Num artigo para o Financial Times, Fukuyama cunhava esse liberalismo através das seguintes premissas: “It recognises that people will not agree on the most important things — such as which religion to follow — but that they need to tolerate fellow citizens with views different from their own”. Ou seja, tendo como premissa essencial o respeito pelas diferentes visões, a criação de uma igualdade de direitos, o conceito de dignidade individual, a lei como fundamento de decisão e os comandos da democracia mitigados por um conjunto de sistemas de freios e contrapesos (Montesquieu).

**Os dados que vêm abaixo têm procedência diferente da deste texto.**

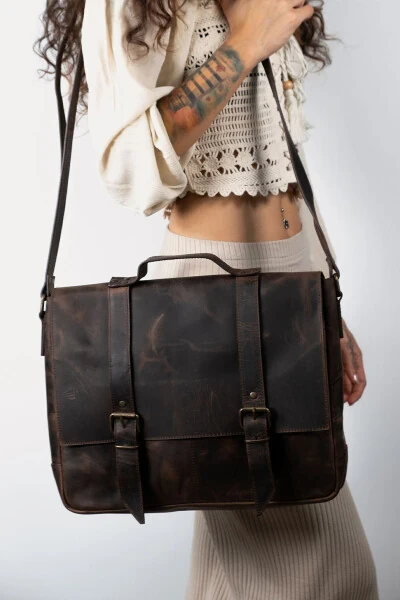 Kepler Women's & Men's Leather Messenger/Crossbody Bag - 100% Genuine Leather - Laptop/Document Bag - Modazone (1)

Hoje, estes valores desenvolvidos por Locke, Voltaire, Bentham, Constant, Kant, Berlin, Hill Green, Hobhouse, Rorty, Rawls, entre muitos outros, são primitivamente atacados por aqueles que têm apenas como pressuposto político o contrário de uma visão liberal para a sociedade, o absoluto. Aquilo que vemos crescer no espetro político da esquerda e da direita são visões morais da sociedade que visam oferecer ao mundo uma única visão, uma única verdade. Os extremos políticos que hoje ganham em espaço diferem conforme a sua família política de proveniência, mas enquadram-se nesta premissa totalitária da verdade. Putin é o exemplo disto, refugiado numa verdade por si imposta ao povo Russo, por uma única visão do mundo, procura impor a sua vontade, não tolerando qualquer espaço com visões diferentes da sua, reinterpretando a história como motor legítimo para uma invasão.

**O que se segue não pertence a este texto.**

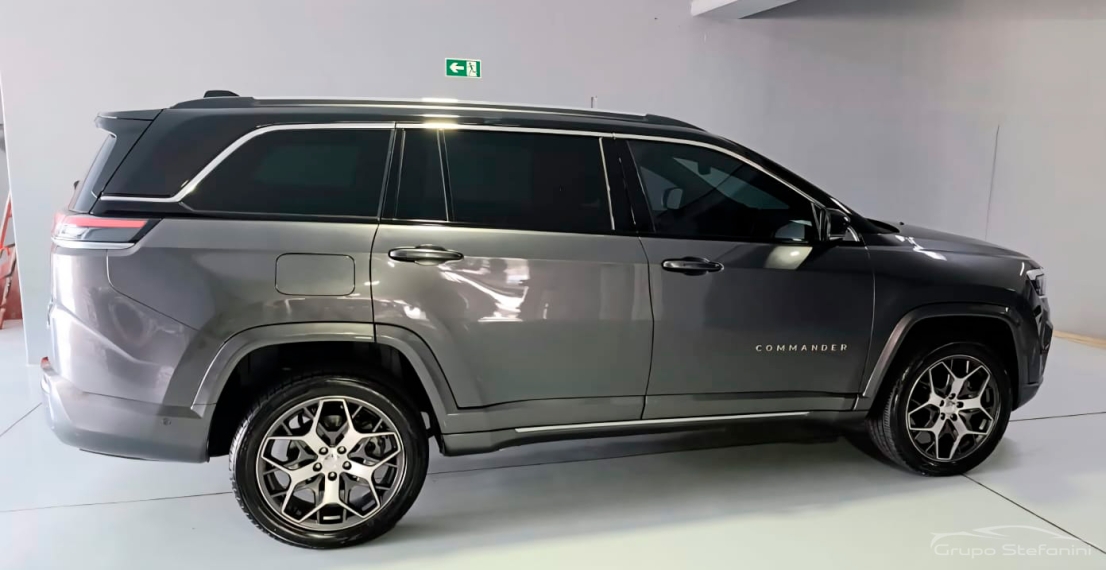 jeep commander 2.0 td380 turbo diesel overland at9 4p automatico 2022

Infelizmente, foi preciso uma guerra para a União Europeia entender que a sua organização representa os pilares e a concretização do liberalismo moderno. Um local de respeito e igualdade, sendo a lei o peso e medida no julgamento das ações dos seus indivíduos e instituições, um local de respeito pela ideia do indivíduo como ser dotado de liberdade. Infelizmente, foi preciso vermos a concretização dos extremos para entendermos a sua génese e resultado.
Hoje, mais que nunca, é altura de todos aqueles que defendem a democracia e valores liberais garantirem que o espaço político não será ocupado pelos extremos de esquerda ou direita. Hoje, é altura de defender o nosso modo de vida, a liberdade. Hoje, temos de voltar a escolher a tolerância, face à verdade absoluta.
Sentar-me num café e não ter medo das palavras a proferir é a melhor marca que a Europa deixou no mundo. Escolher o café para resolver todos os nossos problemas, os problemas da comunidade, deverá ser a marca que a Europa deverá reafirmar no mundo. Estou certo de que em Moscovo não seria livre para tomar um café como o de hoje.